Many of the money laundering schemes operate ‘within’ Britain because the British government turns a blind eye.
Mr Corbyn will fix that won’t he.
So they better not go to Jersey for example. That little island will see a clear out of the richest people in no time at all.
This comes from a company (Pictet) that (Source):
… uses a letterbox company in Panama and a tax loophole involving investments in London to gain German millionaires as clients.
Adami, himself (with wife):
… hold two of three seats on the board of directors for a shell company in Panama called Odicel, through which Pictet routes large commission fees.
The arrangements included transferring massive amounts to Panama and “Adami himself oversaw these transactions personally.
Adami set up a scheme where a German would invest, say €1 million in a gold trading enterprise under British law, and then “count that purchase price as a fully tax-deductible business expense” against their German income.
The London loss offsets the German income.

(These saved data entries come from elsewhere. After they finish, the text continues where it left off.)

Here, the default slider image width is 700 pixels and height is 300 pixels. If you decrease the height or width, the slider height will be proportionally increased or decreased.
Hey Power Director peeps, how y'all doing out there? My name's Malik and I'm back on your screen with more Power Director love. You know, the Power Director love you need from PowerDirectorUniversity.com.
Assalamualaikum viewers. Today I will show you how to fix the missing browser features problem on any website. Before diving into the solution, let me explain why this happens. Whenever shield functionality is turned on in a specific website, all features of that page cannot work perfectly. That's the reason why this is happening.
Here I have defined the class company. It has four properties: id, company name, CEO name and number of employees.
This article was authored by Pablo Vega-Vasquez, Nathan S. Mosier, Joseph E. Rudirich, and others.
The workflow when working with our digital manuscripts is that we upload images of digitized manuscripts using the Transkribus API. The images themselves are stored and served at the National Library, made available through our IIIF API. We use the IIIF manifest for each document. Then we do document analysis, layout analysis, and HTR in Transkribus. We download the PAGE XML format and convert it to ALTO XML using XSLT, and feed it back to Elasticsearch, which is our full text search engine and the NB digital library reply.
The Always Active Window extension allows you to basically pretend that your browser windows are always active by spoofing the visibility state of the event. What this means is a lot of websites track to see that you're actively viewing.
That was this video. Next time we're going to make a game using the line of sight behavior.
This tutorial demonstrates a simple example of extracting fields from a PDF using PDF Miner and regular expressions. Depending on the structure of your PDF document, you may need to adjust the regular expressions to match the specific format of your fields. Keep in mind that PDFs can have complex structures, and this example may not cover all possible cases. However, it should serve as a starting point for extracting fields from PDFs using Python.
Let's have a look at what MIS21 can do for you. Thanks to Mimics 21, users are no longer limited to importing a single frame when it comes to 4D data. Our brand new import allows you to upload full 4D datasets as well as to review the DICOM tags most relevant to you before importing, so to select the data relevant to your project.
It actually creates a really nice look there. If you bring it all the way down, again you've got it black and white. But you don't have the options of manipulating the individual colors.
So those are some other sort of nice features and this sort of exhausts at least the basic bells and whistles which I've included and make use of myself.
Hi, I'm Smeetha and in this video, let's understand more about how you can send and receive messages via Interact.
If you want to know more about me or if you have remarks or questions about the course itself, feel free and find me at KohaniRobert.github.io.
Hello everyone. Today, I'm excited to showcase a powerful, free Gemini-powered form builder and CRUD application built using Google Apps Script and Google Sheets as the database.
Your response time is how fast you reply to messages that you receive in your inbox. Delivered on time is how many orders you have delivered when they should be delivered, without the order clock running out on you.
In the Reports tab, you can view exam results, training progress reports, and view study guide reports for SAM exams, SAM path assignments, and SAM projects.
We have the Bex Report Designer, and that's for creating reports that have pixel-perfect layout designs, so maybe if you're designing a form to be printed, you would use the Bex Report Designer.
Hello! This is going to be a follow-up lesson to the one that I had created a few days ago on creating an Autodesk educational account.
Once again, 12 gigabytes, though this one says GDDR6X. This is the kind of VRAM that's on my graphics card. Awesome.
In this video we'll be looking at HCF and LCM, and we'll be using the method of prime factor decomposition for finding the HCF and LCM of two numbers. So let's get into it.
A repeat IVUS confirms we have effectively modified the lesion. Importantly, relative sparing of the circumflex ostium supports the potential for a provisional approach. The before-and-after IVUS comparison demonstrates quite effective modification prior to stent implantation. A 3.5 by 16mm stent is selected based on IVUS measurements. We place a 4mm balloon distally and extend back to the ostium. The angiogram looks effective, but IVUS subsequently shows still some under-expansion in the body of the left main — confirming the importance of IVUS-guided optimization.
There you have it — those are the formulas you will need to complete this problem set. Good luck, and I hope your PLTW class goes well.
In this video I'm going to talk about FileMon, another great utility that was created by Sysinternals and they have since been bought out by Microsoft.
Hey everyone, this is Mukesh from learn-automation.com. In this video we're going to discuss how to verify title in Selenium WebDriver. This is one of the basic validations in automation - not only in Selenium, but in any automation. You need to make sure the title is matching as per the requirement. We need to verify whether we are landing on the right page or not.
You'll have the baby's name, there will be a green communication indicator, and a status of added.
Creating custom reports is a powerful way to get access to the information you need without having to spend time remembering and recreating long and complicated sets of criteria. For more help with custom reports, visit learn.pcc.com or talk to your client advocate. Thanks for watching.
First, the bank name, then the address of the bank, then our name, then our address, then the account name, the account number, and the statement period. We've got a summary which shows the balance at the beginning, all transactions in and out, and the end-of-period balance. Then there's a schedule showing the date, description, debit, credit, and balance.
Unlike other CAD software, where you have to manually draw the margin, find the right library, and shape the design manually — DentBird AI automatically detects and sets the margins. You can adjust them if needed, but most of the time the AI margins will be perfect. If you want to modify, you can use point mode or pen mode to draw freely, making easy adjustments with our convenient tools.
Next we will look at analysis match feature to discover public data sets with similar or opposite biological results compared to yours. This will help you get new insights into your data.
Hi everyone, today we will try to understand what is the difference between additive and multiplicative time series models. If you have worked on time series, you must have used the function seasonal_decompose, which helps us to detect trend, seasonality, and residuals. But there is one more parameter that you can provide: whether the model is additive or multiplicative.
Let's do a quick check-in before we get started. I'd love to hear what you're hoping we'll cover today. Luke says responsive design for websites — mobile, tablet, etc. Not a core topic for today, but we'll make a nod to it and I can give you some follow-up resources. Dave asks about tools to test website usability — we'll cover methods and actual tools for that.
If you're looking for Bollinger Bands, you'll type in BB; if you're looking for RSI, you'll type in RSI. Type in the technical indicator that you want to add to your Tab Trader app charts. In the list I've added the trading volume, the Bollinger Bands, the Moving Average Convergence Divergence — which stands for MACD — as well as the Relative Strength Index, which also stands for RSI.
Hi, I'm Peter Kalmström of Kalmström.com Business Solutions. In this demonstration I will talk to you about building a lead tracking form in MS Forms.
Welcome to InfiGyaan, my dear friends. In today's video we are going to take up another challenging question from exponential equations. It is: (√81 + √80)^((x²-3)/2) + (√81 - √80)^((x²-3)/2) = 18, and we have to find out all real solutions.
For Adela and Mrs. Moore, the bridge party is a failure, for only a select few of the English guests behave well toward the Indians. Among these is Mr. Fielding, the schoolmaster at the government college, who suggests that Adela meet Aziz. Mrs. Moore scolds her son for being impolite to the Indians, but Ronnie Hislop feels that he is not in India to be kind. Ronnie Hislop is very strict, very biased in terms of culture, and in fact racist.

When the gold is sold, only the profit is counted as taxable income in Britain and incurs no further tax obligation in Germany.
So an August outfit all round.
The Pictet boss, one Heinrich Adami, though did blow the whistle on all the scaremongering over Brexit that concerns the financial sector.
He told the media there were:
… 10 reasons why the U.K. will remain a global wealth hub, ranging from its high density of family offices to the quality of schools that wealthy families can send their children.
And the fact they all want to stay registered with the FTSE!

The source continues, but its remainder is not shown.